Regarding the patients receiving HEC, the addition of aprepitant into dual antiemetics is of great significance as triple antiemetics (5HT3-RA + dexamethasone + aprepitant) had higher CR rates in acute and overall phases compared with dual antiemetics (5HT3-RA + dexamethasone). This result was comparable with the study by Navari et al., in which they found addition of aprepitant to a standard regimen of 5HT3-RA and dexamethasone in patients receiving HEC improves the CR rate of acute CINV[9]. Two trials involving patients receiving HEC reported significantly higher efficacy in the control of emesis with the addition of aprepitant to ondansetron plus dexamethasone than with ondansetron plus dexamethasone alone[25, 26], therefore, the efficacy and effectiveness of aprepitant were both confirmed via previous RCTs and this cross-sectional study in the real clinical setting.

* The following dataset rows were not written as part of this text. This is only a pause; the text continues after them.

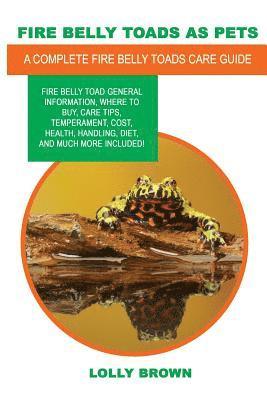 Fire Belly Toads as Pets: Fire Belly Toad general information, where to buy, care tips, temperament, cost, health, handling, diet, and much more av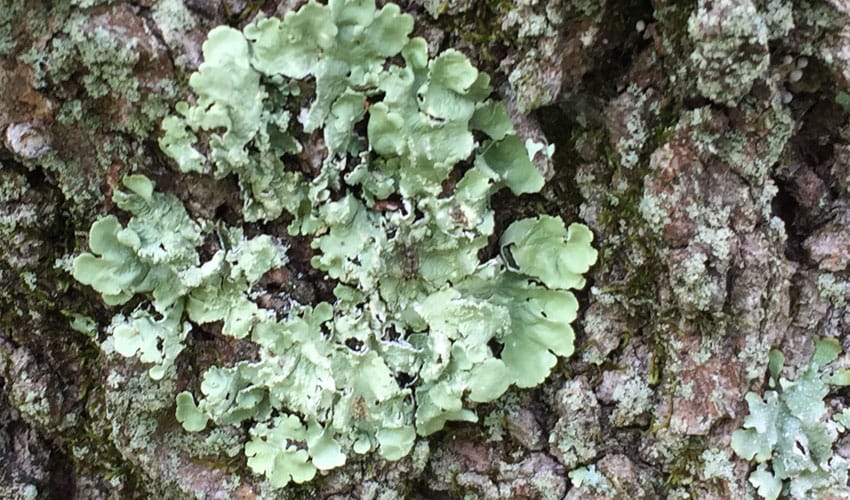 large lichen on tree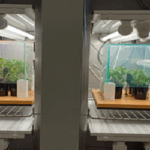 Lab Plant Physiology and Biochemistry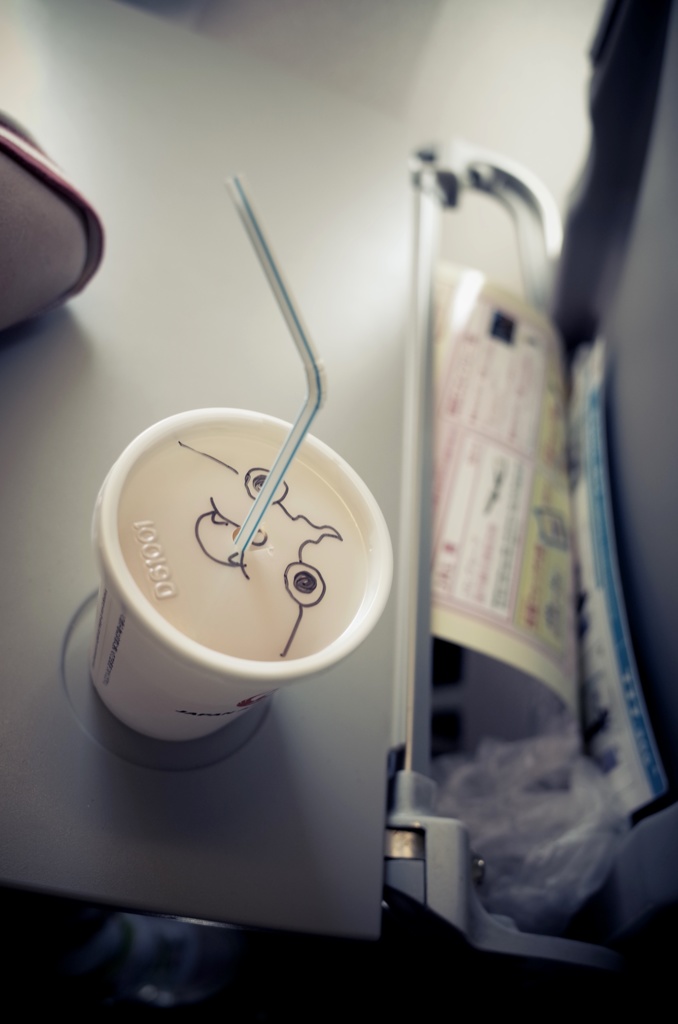 機内に妖怪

This study identified several independent predictors for overall CR in accordance with previous studies— male, use of aprepitant and no ANV (anticipatory nausea and vomiting). Besides, our results indicated that GCCP, use of aprepitant,two antiemetics (versus single agent) and L/mEC (versus HEC) were the protective factors for overall CR. Differing from the widely accepted view, this study did not identify older age as the protective factor [21]. The reason might be attributed to the median age in our study was 56 years old, which led to an age strata bias.

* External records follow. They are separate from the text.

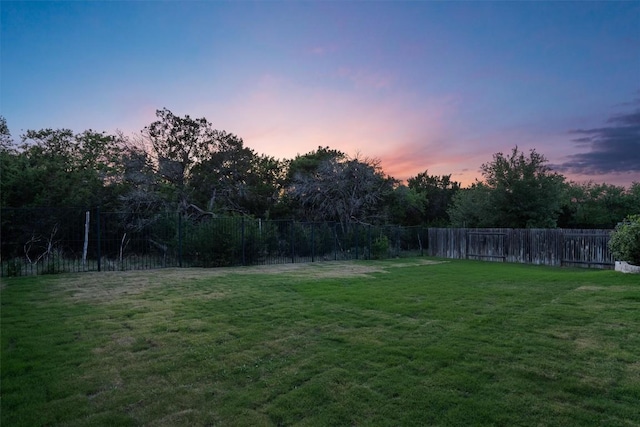 3912 Logan Ridge Dr, Cedar Park, TX 78613 - view of yard with fence
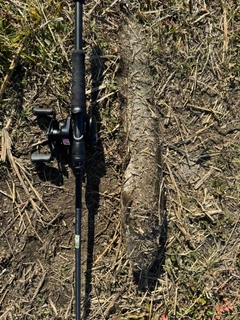 マナマズの釣果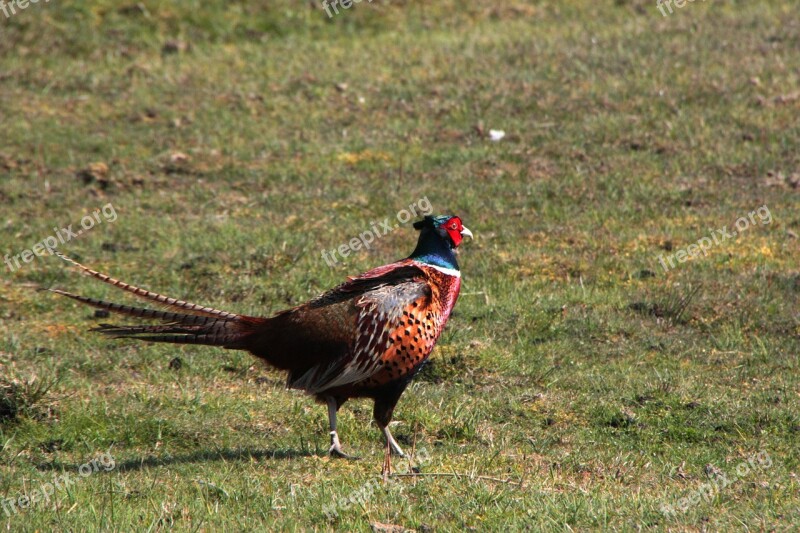 Amrum North Sea Partridge Dunes Nesting Sites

The main limitation of this study was the data collection was based on patients’ recall about the most recent treatment, which led to more missing records compared to the records from patients’ daily diary. Another limitation was the results in this study may not be generalized to suburban areas in China. So above-mentioned weakness could have introduced recall bias and selection bias. Besides, most patients participated in this study were not naïve to chemotherapy, as a result, there might be more confounding factors leading to CINV, such as prior experience of poorly controlled emesis, anxiety about chemotherapy. Despite above limitations, the results in this survey supported previous studies and further illustrated the positive effect of antiemetic guideline on controlling CINV.